Caption-style text data:
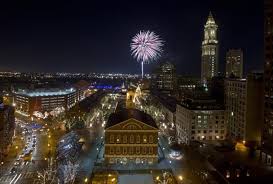 Faneuil Hall Fireworks On New Year S Eve The Boston Globe New Year S Eve Around The World New Year Fireworks Places In Boston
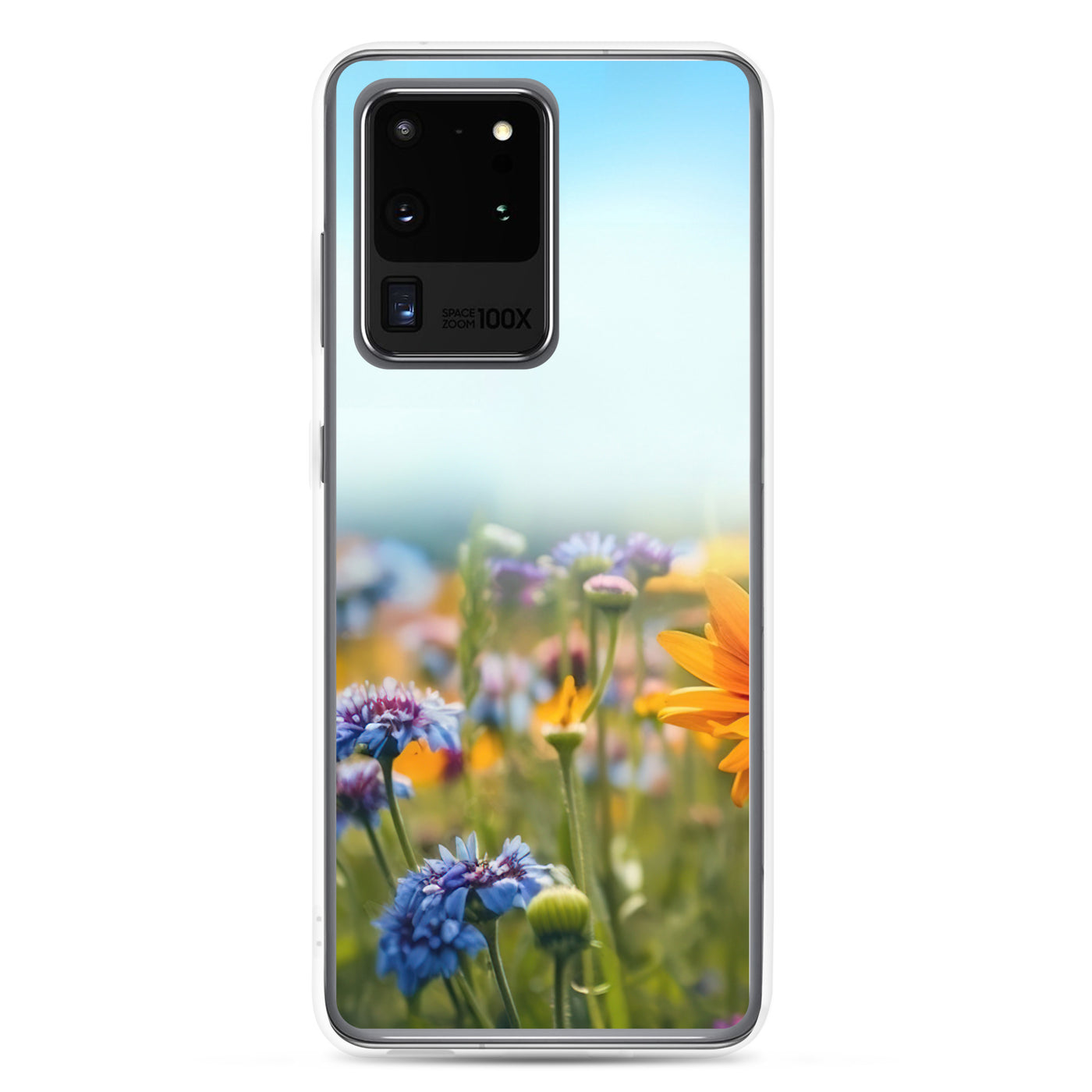Foto von Blumen im Sonnenschein - Nahaufnahme - Samsung Schutzhülle (durchsichtig) camping xxx Samsung Galaxy S20 Ultra
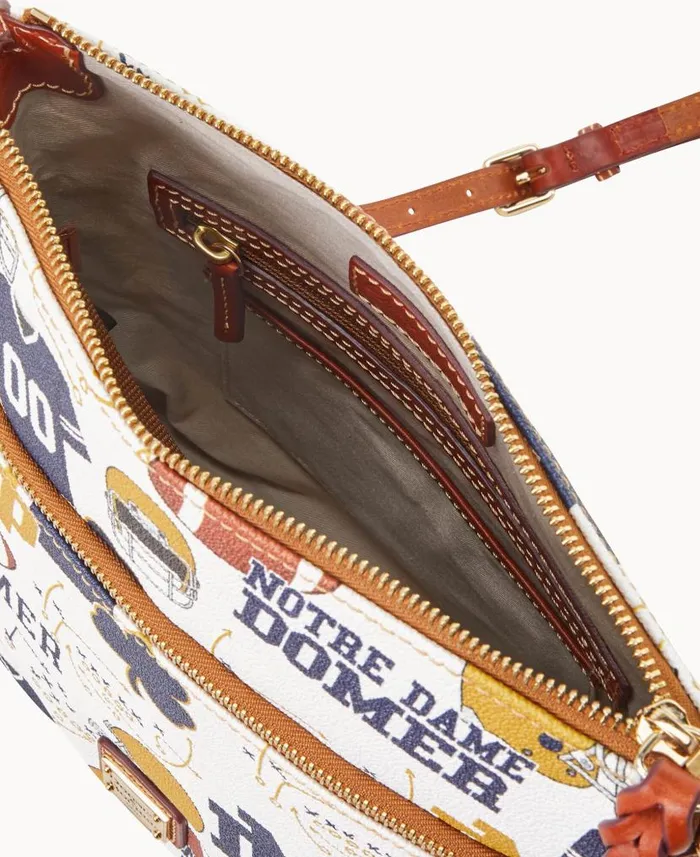 Collegiate University Of Notre Dame Crossbody Notre Dame Woman Dooney and Bourke Crossbodies Collegiate University Of Notre Dame Crossbody Notre Dame Woman Dooney and Bourke Crossbodies
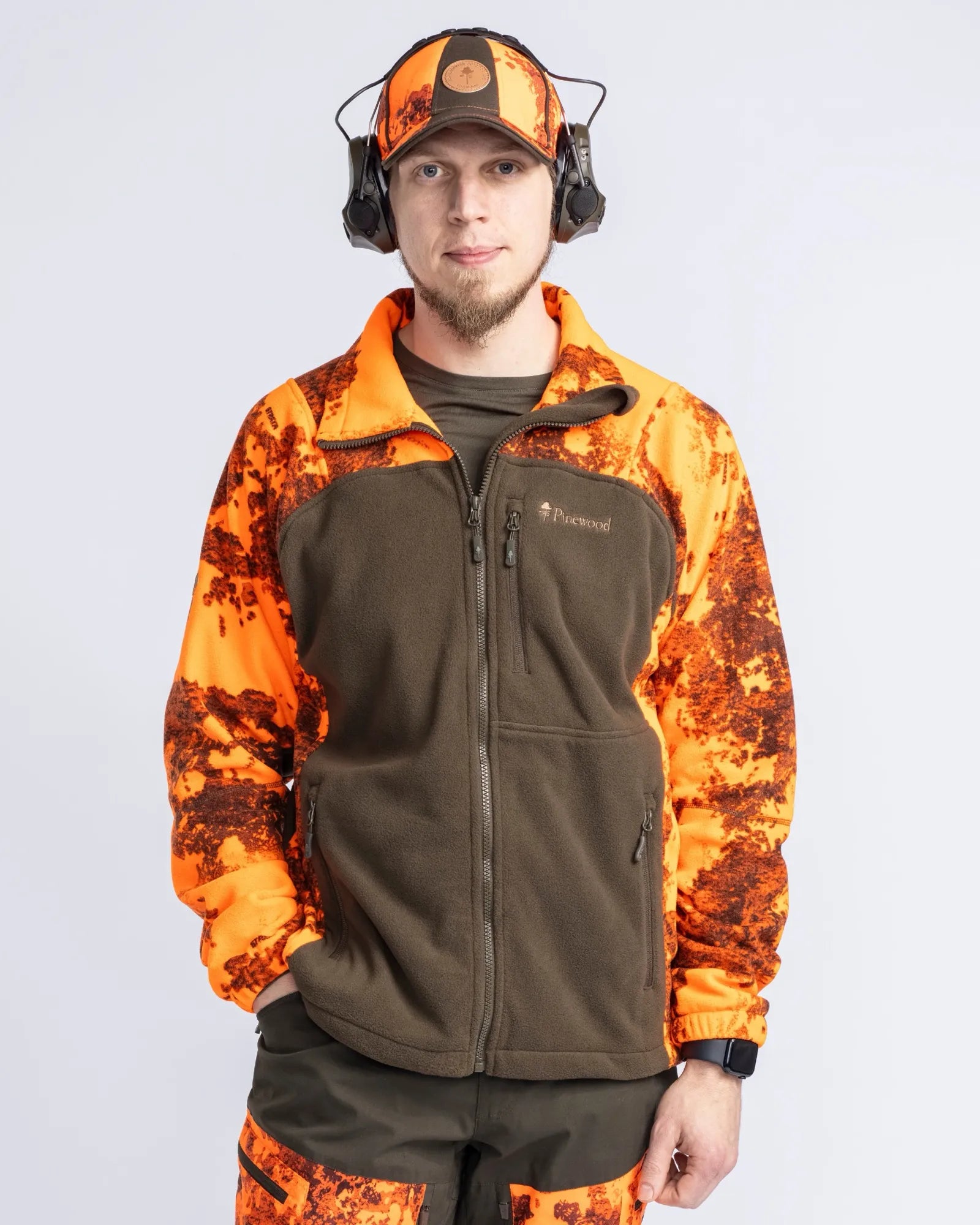 Furudal Hunters Camou Fleece Jacket M's – Strata Blaze/H.Green (992) – 8761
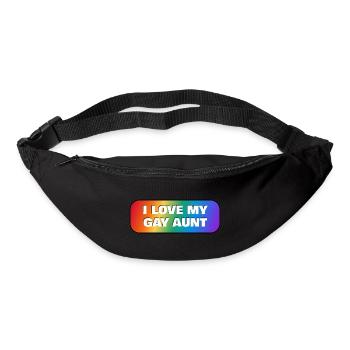 Ich liebe meine schwule Tante - Gürteltasche - Schwarz - Vorne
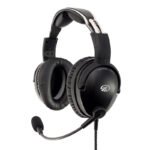 Lightspeed Zulu 4 ANR Headset U-174 Plug Straight Cord Battery Power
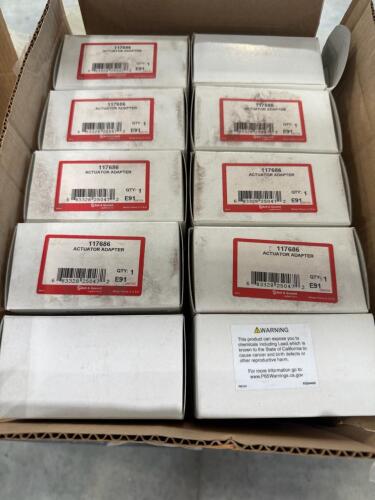 Approximately 60 BELL & GOSSETT actuator adapters 117686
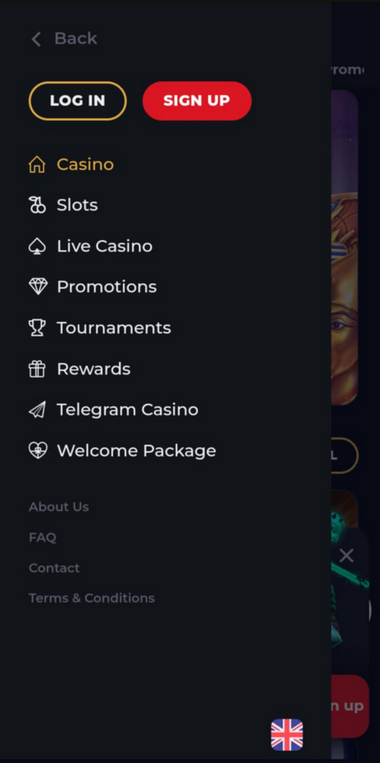 Goldwin Casino Mobile Preview 1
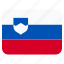 world, national, country, flag, slovenia 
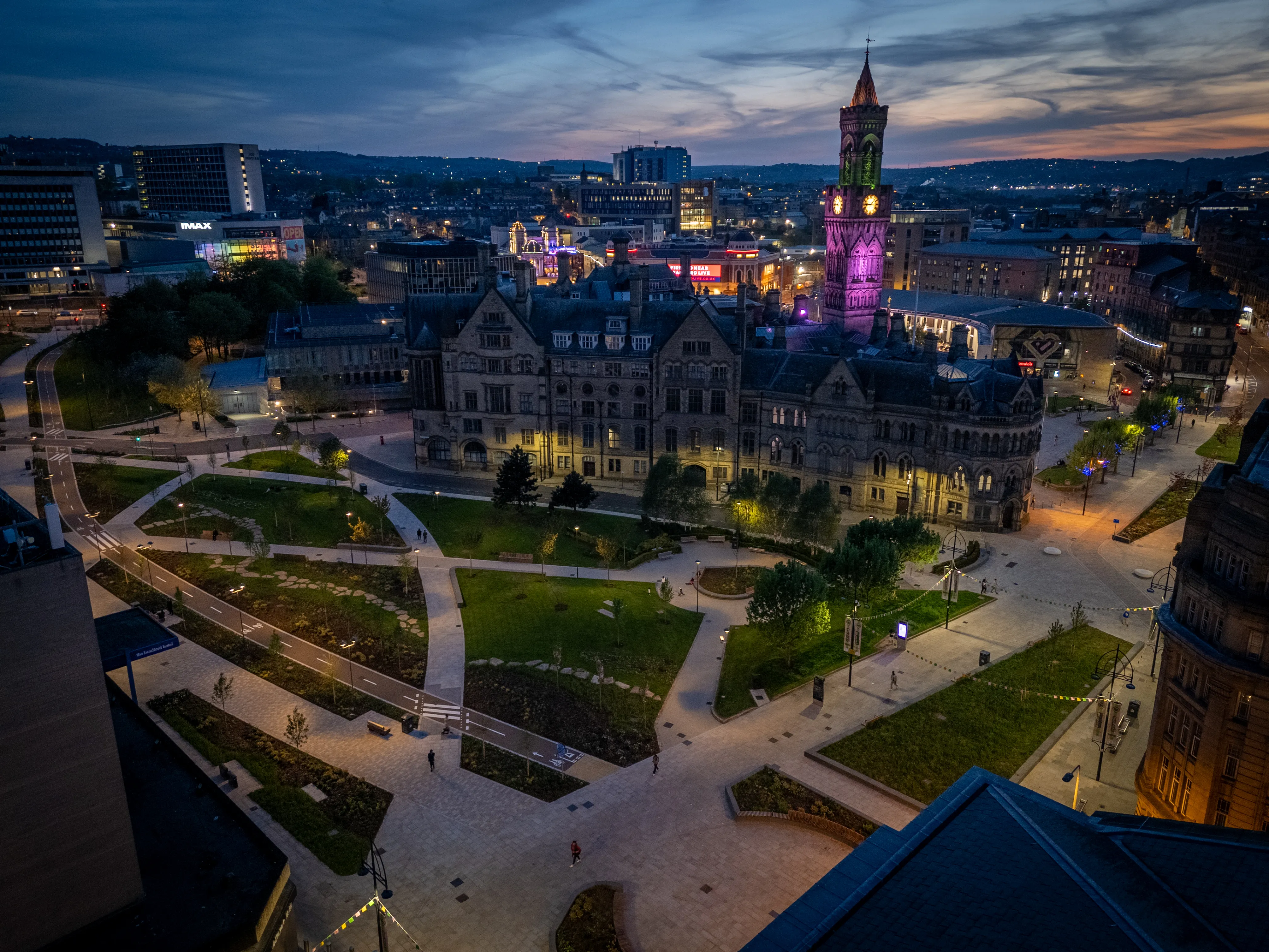 Bradford City Centre Walking and Cycling Improvements Scheme, Bradford for West Yorkshire Combined Authority and City of Bradford Metropolitan District Council with Balfour Beatty, Sweco and Gavin Jones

Activity:
Of the entries above, print exactly those lines that run from the one containing "Bourke Crossbodies Collegiate" through the last line, excluding any pictures.

Output below:
 Collegiate University Of Notre Dame Crossbody Notre Dame Woman Dooney and Bourke Crossbodies Collegiate University Of Notre Dame Crossbody Notre Dame Woman Dooney and Bourke Crossbodies
 Furudal Hunters Camou Fleece Jacket M's – Strata Blaze/H.Green (992) – 8761
 Ich liebe meine schwule Tante - Gürteltasche - Schwarz - Vorne
 Lightspeed Zulu 4 ANR Headset U-174 Plug Straight Cord Battery Power
 Approximately 60 BELL & GOSSETT actuator adapters 117686
 Goldwin Casino Mobile Preview 1
 world, national, country, flag, slovenia 
 Bradford City Centre Walking and Cycling Improvements Scheme, Bradford for West Yorkshire Combined Authority and City of Bradford Metropolitan District Council with Balfour Beatty, Sweco and Gavin Jones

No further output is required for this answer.